Kerberos is configured in configuration file at the following path /etc/krb5.conf , this file can only be edited by the privileged user root.

An example configuration may look like this:

[logging]
default = /var/log/krb5libs.log
kdc = /var/log/krb5kdc.log
admin_server = /var/log/kadmind.log

[libdefaults]
default_realm = DEMO.INITMAX.CZ
dns_lookup_realm = false
# ticket_lifetime = 24h
# renew_lifetime = 7d
forwardable = true
udp_preference_limit = 1
default_ccache_name = KEYRING:persistent:%{uid}

[realms]
DEMO.INITMAX.CZ = {
kdc = demo.initmax.cz
admin_server = demo.initmax.cz
}

[domain_realm]
.demo.initmax.cz = DEMO.INITMAX.CZ
demo.initmax.cz = DEMO.INITMAX.CZ

Active Directory user account

Create a service account in Active Directory the usual way, which in our case we will call pg_db_srv01.
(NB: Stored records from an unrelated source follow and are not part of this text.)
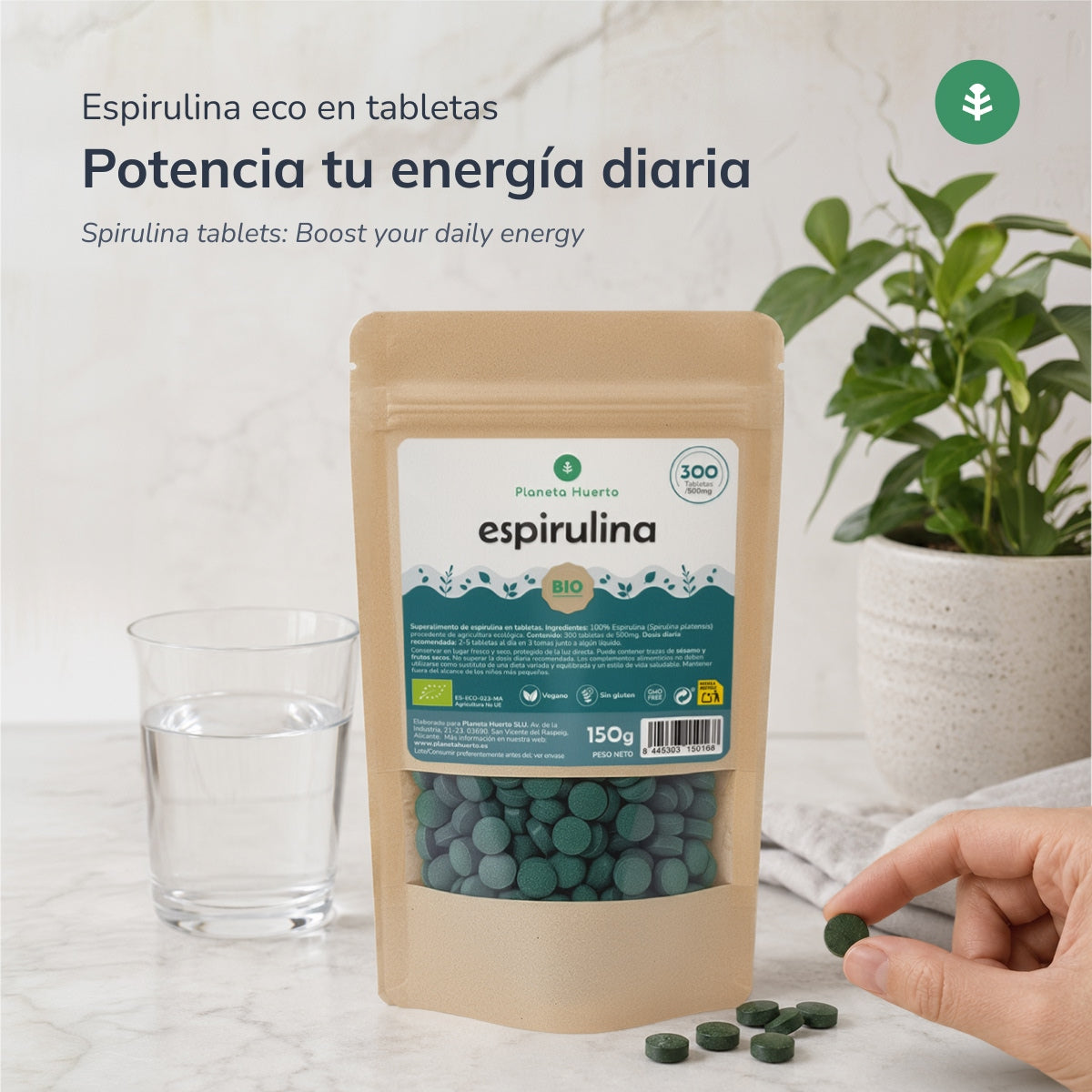 Spiruline Bio 500mg Planet Orchard 300 comprimés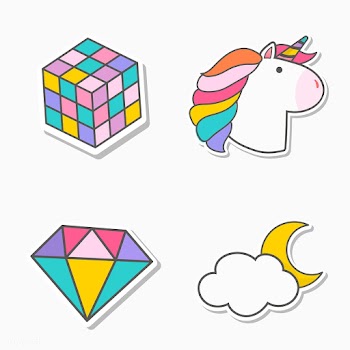 Set of magical unicorn stickers vector | Free stock vector - 515523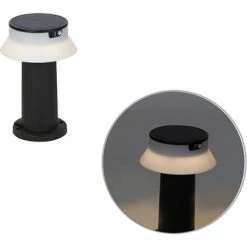 QAZQA Felice - LED Dimmable Lampe Sur Pied Extérieur Moderne Variateur Inclus - 1 Lumière - Ø 21 Cm - Noir - Moderne - Éclairage Extérieur - Noir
Then create a Kerberos keytab with the command shown below, which you link to this service account.

ktpass –princ POSTGRES/pgsql.demo.initmax.cz@DEMO.INITMAX.CZ -pass %heslo% -mapuser pg_db_srv01 -crypto ALL -ptype KRB5_NT_Principal -out pgsql.demo.initmax.cz.keytab

Copy the created Kerberos keytab and move it to the client, in our case to the database server, for example to the /etc folder.

You can then check directly on the database server that the created keytab really works, using the following command:

kinit -k -t /etc/pgsql.demo.initmax.cz.keytab POSTGRES/pgsql.demo.initmax.cz@DEMO.INITMAX.CZ -V

If the kinit command shows Authenticated to Kerberos message at the end of its run, then the keytab is functional and you can move on to configuring PostgreSQL itself.

You can see sample output of the kinit command with a working keytab file here:

Using existing cache: 0
Using principal: POSTGRES/pgsql.demo.initmax.cz@DEMO.INITMAX.CZ
Using keytab: /etc/pgsql.demo.initmax.cz.keytab
Authenticated to Kerberos v5

PostgreSQL configuration

First, edit the PostgreSQL configuration file (postgresql.conf) so that it knows where the Kerberos keytab is located and is able to correctly load it.

Configuration directive krb_server_keyfile is used for this funcionality, fill its value with the absolute path to the Kerberos keytab.

In this case it is /etc/pgsql.demo.initmax.cz.keytab.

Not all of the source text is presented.